If you need some peace and quietness, you might choose to spend some time in the National Gardens of Athens. They are about 16-hectare central park in the capital which is situated just behind the Hellenic Parliament building. Here you can practise turtle watching or you can just sit on a bench with a book in hands. There are plenty of attractions and playgrounds for children. You might visit the Botanical garden situated among the trees and alleys. Or you might just cross it from end to end reaching the 1878 neo-classical building of the Zappeion Congress and Conference Hall built by Theophil Freiherr von Hansen.

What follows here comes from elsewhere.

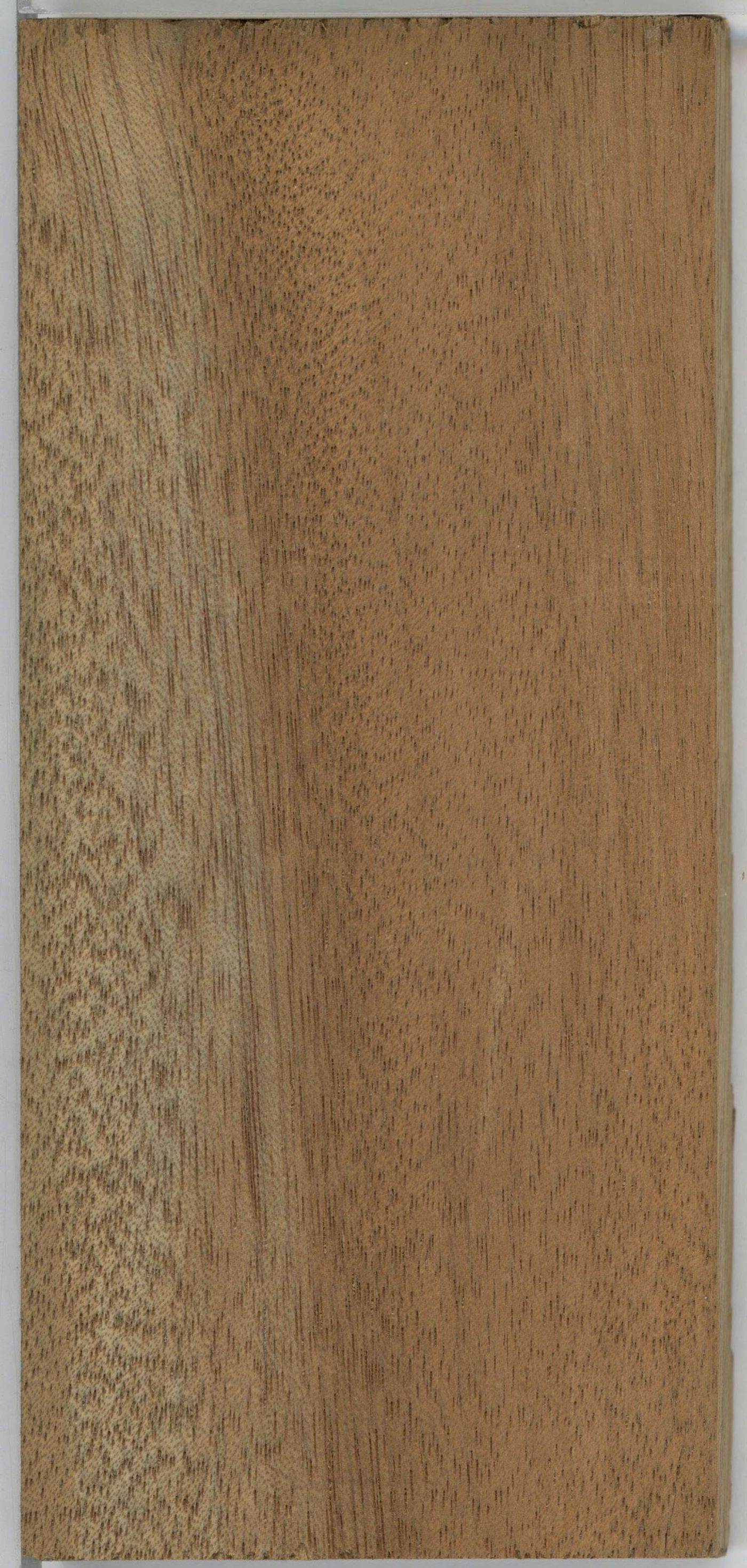 Okoume (Aucoumea klaineana) wood and tree photograph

If you have already decided to go to your hotel which is situated at the second end of the historic triangle, take the subway again. The Syntagma underground station is, actually, the busiest transit hub in Athens. By the way, it’s not only a simple station where metro trains come and go. Nope. It serves as a museum as well. And do you know why? You are aware of the fact that the Hellenic capital was a host to the 2004 Olympics. In this connection, most of the city was excavated in the 90s of last century so that the subway could be extended. During those excavations, archeologists found hundreds of thousands of precious and priceless antique objects which are on display namely at the subway station. So, have a look at them while you are trying to catch next metro train which will bring you to ….
It’s always overcrowded with people. It’s a tradition for locals to go out into the square on Saturday evening.
They buy their Sunday’s newspapers from one of the numerous kiosks. Some of them review them in the nearby cafés while others just return home.
Monastiraki: Now let’s head to the last end of the historic triangle – Monastiraki. Here you can find crowds of people, numerous artisan and antique shops where you can buy souvenirs, clothes and postcards from Athens. Or just choose one of the restaurants to have dinner or cafés to drink a cup of coffee or tea here. Just a quick note here. The market of Monastiraki is really vivid and interesting on Sunday morning. So, if you are in the Hellenic capital on Sunday, I advise you not to miss it at any cost.
In the end, we are going to close the historic triangle of the city by taking one of the most expensive streets in Hellas and Europe alike. The Ermou Street is car-free and links Monastiraki to Syntagma. It’s full of international trade marks shops which are somehow like the ones in Paris and Milan. If you’re not a fan of doing the shopping, no worries… Just go along the pedestrian street and when you’re attracted by one of the numerous street performers, have a stop and enjoy their live performances.